• _Captioned web images_
===

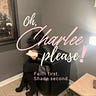 Charlee Crowne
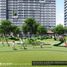 1 Habitación Departamento en venta en Las Pinas City, Metro Manila, Las Pinas City
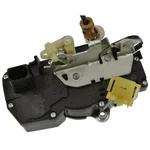 Standard Ignition Door Lock Actuator For 06-09 G6 DLA1137. Fixed Price $170.06.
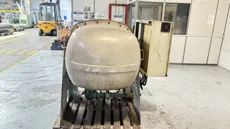 Alfa Laval - JWP-26-C100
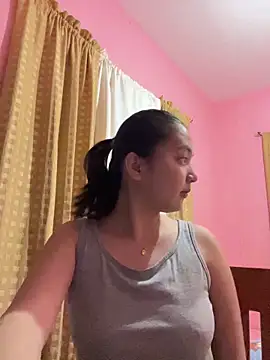 onlykays  online show from 4, 4, 2026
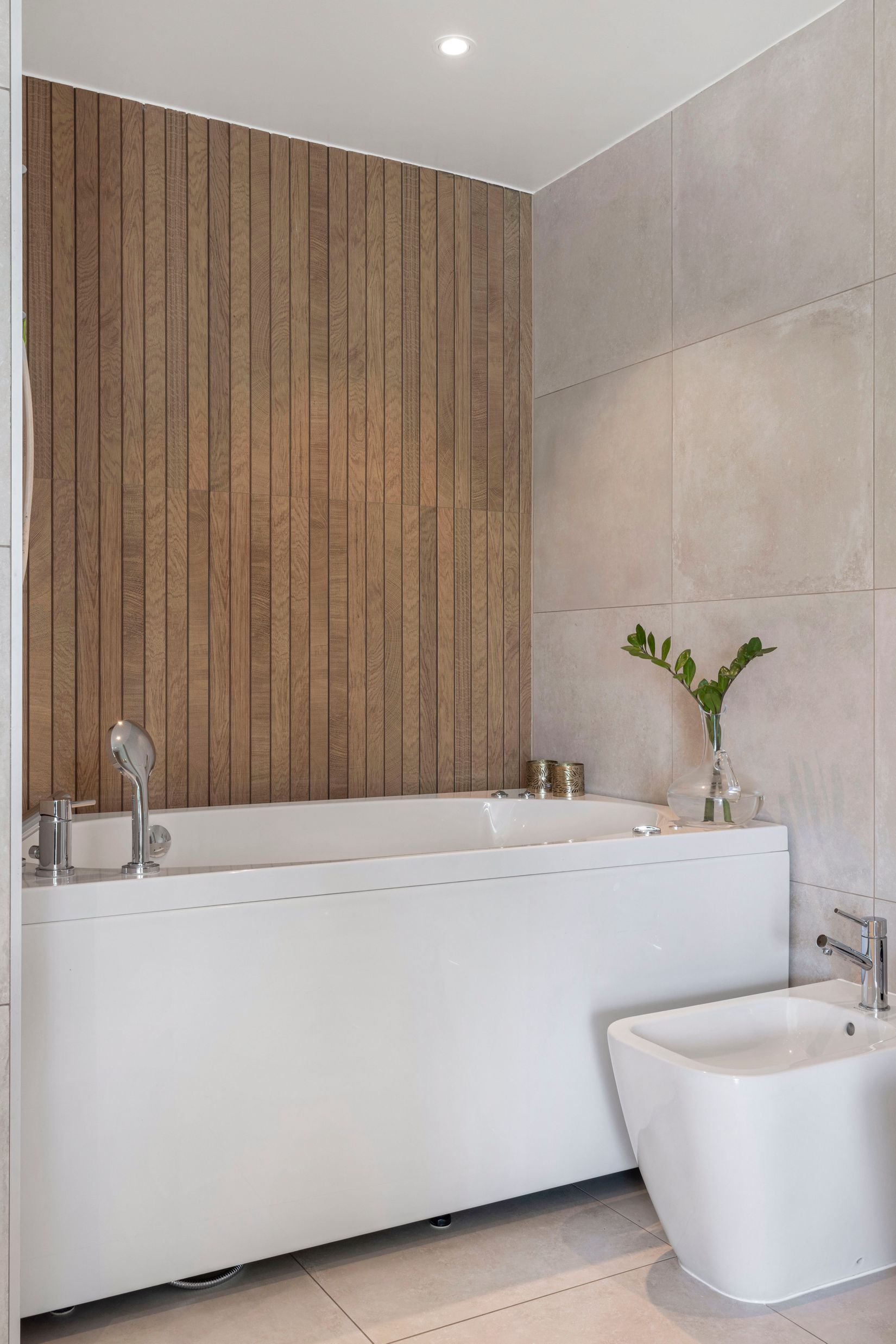 Villa, Bonnagårdsvägen 12, Söndrum, Halmstad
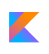 Kotlin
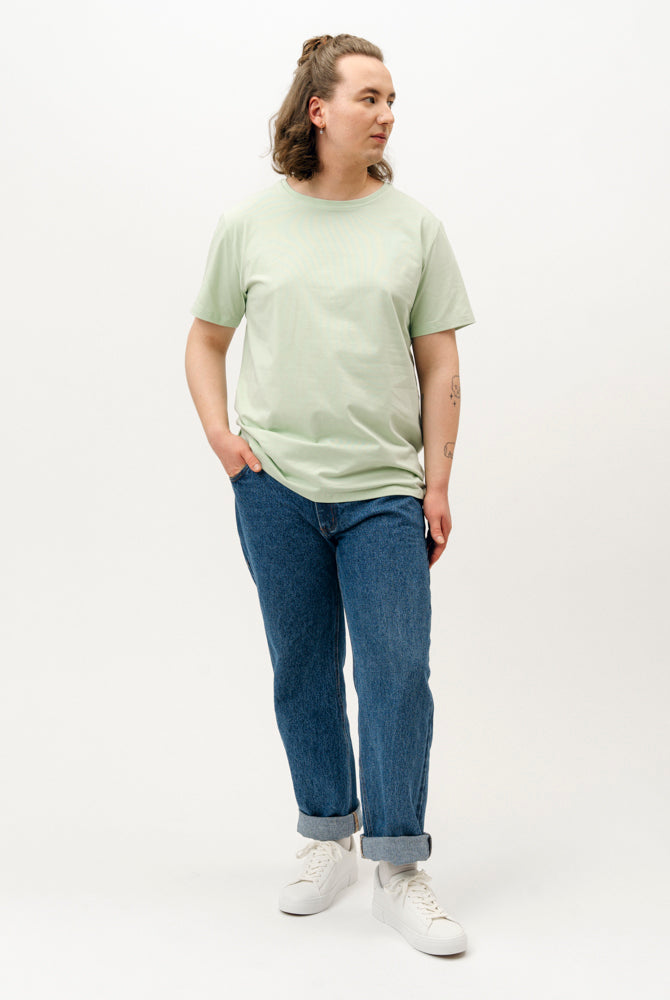 XL - 181cm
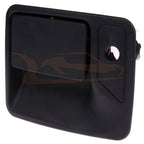 Front Driver Side Door Handle for Ford Super Duty (1999-2015)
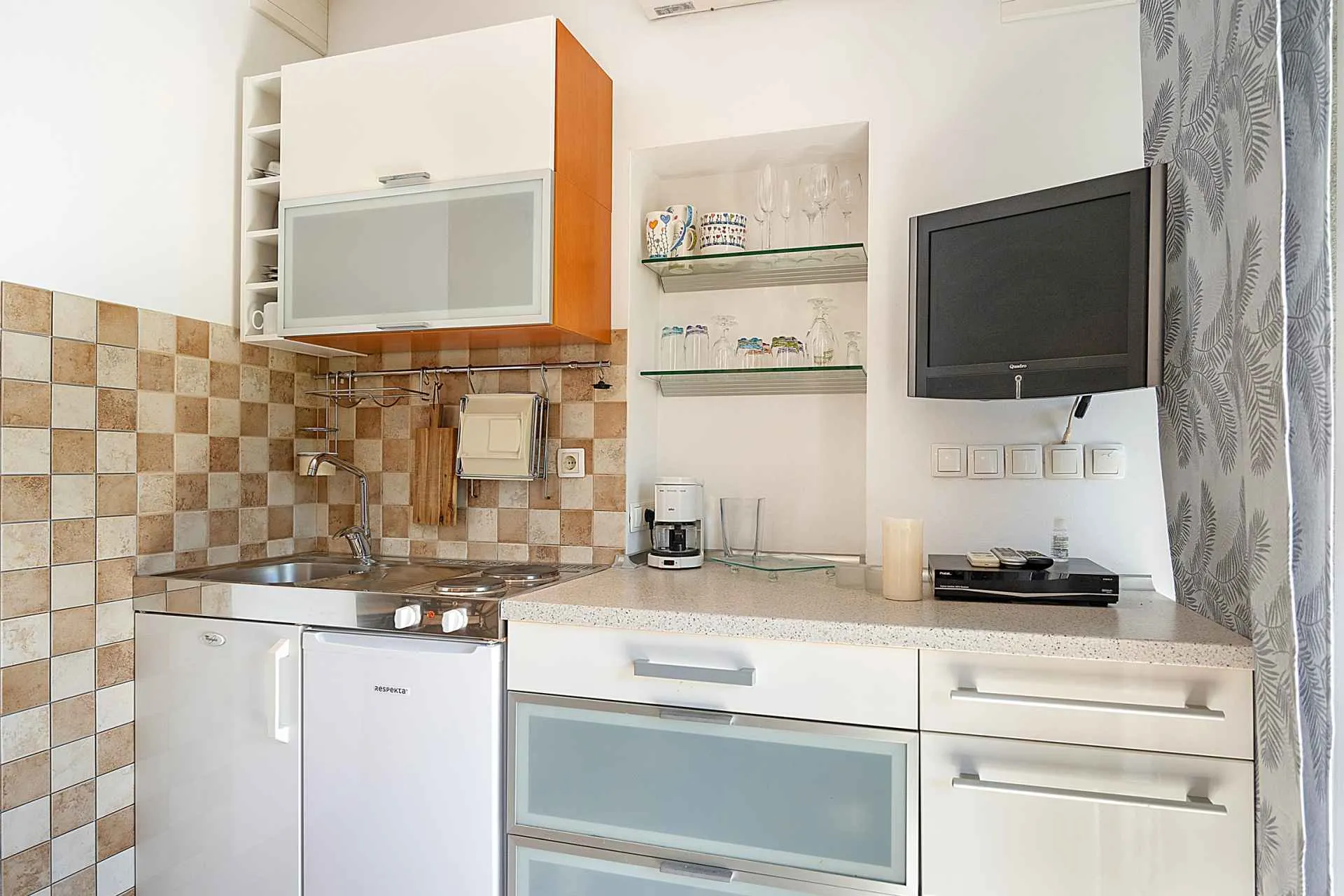 apartmani blanka - slika 23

===

• _WHAT YOU SHOULD DO_
Restate all entries above exactly, but not the images.

• _OUTPUT FOR THIS EXERCISE_
 Charlee Crowne
 1 Habitación Departamento en venta en Las Pinas City, Metro Manila, Las Pinas City
 Standard Ignition Door Lock Actuator For 06-09 G6 DLA1137. Fixed Price $170.06.
 Alfa Laval - JWP-26-C100
 onlykays  online show from 4, 4, 2026
 Villa, Bonnagårdsvägen 12, Söndrum, Halmstad
 Kotlin
 XL - 181cm
 Front Driver Side Door Handle for Ford Super Duty (1999-2015)
 apartmani blanka - slika 23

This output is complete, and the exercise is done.